**THE TASK:** Search the data for "with" and copy every matching line.

Data records
'''
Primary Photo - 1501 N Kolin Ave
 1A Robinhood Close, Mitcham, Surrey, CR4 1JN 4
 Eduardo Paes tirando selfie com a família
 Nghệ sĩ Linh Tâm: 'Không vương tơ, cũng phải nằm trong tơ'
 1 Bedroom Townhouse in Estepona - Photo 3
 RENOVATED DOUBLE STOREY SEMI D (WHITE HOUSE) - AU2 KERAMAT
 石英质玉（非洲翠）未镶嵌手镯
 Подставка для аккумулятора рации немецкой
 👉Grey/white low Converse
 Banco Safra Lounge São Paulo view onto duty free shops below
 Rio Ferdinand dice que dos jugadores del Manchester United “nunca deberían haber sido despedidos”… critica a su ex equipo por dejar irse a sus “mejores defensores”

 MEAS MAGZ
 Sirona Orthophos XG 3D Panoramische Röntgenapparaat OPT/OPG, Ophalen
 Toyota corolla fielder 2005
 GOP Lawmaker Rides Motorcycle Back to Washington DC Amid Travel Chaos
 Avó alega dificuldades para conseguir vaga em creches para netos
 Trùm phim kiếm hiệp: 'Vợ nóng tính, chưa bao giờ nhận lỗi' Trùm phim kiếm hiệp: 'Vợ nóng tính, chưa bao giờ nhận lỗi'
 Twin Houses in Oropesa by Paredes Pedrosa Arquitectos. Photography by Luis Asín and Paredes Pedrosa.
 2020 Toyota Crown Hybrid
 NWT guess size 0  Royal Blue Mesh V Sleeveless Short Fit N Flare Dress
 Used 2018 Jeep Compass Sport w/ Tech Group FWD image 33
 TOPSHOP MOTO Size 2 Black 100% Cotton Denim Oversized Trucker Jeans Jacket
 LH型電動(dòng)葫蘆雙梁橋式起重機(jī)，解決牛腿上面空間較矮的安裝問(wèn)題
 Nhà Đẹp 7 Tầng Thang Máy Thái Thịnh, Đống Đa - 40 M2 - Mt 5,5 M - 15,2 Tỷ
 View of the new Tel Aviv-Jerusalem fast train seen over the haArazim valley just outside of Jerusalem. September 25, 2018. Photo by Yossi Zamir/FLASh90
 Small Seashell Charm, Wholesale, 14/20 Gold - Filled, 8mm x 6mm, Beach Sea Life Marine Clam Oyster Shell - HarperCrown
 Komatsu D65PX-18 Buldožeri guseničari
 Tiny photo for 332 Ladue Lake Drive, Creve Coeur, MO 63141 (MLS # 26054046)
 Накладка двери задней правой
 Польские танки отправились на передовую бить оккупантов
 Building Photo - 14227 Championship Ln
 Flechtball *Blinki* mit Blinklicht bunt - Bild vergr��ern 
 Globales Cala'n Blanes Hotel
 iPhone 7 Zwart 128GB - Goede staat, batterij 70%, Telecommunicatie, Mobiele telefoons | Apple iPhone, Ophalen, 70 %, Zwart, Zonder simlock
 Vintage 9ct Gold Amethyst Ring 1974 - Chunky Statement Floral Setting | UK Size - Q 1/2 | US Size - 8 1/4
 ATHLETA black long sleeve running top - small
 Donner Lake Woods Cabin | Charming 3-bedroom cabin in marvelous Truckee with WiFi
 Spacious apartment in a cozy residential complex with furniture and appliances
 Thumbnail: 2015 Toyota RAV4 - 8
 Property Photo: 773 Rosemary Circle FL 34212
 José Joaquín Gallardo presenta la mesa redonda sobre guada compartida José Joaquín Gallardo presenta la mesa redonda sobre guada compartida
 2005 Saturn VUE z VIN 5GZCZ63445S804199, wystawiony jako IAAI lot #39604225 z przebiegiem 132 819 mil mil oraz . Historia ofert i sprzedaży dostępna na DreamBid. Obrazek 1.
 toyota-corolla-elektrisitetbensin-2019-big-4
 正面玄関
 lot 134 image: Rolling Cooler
'''
**RESPONSE BELOW:**
 Donner Lake Woods Cabin | Charming 3-bedroom cabin in marvelous Truckee with WiFi
 Spacious apartment in a cozy residential complex with furniture and appliances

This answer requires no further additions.